Hari-hari berikutnya, aku tak bisa membayangkan bahwa hubunganku dan Tio setelah pernyataannya itu akan menjadi serumit ini. Terlebih Ufa dan Lala terus memarahiku karena sikapku terlalu acuh terhadap Tio. Aku seperti seseorang yang tidak bisa menghargai perasaan orang lain, aku bingung. Kuambil cara paling tepat yaitu dengan sedikit lebih sering berbicara dengan Tio, meskipun dalam lingkup diskusi ketika belajar saja, karena aku tidak bisa melakukannya lebih dari itu. Semakin lama, aku merasa bahwa aku sering memikirkan Tio. Bukan karena aku mulai menyukainya, tapi karena mengkhawatirkannya. Tentang apakah sikapku ini tidak membuatnya sakit hati atau tidak? Atau tentang apakah sebenarnya dia sudah tidak memiliki perasaan lagi padaku? Jika benar, aku ingin mengetahuinya lebih awal, agar aku bisa menjalani kehidupanku seperti dulu lagi, tak lagi terikat dengan perasaan orang lain.

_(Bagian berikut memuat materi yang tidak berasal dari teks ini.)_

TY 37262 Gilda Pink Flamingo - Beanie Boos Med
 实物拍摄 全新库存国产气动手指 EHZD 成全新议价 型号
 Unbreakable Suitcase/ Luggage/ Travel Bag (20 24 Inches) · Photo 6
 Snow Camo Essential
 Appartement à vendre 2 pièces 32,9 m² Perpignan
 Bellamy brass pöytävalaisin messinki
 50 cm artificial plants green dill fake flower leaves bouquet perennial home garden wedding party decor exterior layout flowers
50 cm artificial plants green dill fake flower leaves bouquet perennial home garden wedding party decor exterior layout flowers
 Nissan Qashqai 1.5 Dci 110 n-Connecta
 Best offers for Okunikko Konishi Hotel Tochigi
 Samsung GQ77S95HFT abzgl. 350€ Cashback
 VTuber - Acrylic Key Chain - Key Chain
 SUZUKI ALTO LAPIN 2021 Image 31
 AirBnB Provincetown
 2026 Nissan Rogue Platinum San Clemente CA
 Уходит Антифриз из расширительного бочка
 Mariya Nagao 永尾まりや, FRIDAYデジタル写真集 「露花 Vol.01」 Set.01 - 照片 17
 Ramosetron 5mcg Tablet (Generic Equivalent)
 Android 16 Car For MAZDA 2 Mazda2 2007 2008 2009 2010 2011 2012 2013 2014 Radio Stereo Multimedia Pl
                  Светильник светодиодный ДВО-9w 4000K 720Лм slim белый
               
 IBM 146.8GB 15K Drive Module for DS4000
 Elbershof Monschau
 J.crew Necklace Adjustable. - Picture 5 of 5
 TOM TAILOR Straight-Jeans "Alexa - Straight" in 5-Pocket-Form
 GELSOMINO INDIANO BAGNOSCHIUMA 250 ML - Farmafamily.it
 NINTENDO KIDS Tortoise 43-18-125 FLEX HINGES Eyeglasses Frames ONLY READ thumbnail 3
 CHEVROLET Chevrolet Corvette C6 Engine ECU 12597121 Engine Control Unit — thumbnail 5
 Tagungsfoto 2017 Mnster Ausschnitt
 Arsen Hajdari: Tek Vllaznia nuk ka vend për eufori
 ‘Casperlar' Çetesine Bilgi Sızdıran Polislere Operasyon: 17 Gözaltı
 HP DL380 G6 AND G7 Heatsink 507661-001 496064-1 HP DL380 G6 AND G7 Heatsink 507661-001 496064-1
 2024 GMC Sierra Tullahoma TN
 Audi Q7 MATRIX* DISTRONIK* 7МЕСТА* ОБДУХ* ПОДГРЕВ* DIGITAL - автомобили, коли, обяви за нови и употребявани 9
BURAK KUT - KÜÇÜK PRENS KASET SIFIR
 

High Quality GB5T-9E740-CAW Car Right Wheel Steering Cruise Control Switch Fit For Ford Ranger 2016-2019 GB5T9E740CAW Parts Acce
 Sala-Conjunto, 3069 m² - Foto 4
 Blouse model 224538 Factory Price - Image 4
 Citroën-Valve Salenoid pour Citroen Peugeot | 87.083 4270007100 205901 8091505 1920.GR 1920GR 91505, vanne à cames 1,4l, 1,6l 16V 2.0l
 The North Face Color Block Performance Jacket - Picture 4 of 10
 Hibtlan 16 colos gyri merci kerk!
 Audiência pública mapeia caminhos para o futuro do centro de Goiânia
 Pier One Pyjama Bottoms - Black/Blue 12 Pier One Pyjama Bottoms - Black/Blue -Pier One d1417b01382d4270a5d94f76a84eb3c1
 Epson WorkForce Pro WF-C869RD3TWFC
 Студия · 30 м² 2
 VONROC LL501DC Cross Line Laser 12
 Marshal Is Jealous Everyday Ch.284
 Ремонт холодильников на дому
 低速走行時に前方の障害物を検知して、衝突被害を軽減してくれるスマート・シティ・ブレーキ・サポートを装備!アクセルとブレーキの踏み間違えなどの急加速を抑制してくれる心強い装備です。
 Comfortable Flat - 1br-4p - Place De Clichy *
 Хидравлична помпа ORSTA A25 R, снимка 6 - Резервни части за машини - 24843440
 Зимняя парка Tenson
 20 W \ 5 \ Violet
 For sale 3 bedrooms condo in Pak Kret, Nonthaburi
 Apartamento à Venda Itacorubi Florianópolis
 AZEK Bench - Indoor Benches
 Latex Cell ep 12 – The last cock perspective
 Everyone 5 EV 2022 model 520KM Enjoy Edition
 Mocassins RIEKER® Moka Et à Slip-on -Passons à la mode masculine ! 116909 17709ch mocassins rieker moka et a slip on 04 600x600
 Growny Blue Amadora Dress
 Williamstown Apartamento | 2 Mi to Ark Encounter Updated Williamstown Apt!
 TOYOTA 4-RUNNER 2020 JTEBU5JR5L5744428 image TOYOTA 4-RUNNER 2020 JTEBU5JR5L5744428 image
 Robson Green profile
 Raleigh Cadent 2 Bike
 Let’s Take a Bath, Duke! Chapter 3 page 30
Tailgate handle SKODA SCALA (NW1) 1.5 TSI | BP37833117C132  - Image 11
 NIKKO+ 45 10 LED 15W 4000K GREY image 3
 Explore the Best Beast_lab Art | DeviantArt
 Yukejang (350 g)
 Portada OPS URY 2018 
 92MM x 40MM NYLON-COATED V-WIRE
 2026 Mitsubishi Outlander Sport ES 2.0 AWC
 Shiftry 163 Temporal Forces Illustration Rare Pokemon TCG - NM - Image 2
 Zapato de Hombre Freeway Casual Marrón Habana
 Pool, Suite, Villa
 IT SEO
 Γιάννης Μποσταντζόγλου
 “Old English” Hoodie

“Sudah kubilang kalau Tio itu masih menyukaimu! Lihat saja dari sikap dan tatapan matanya! Kamu itu tidak percaya sekali padaku!” Ufa menceramahiku begitupun dengan Lala.

“Aku takut semua itu hanya prasangka kalian saja.”

“Aku yakin seratus persen, Olive!” Dengan cepat kuambil kesimpulan bahwa Tio masih menyukaiku, meskipun aku masih ragu. Jika benar begitu, aku harus lebih memperhatikan sikapku agar tidak menyakiti Tio. Kutekadkan semua ini dalam hatiku.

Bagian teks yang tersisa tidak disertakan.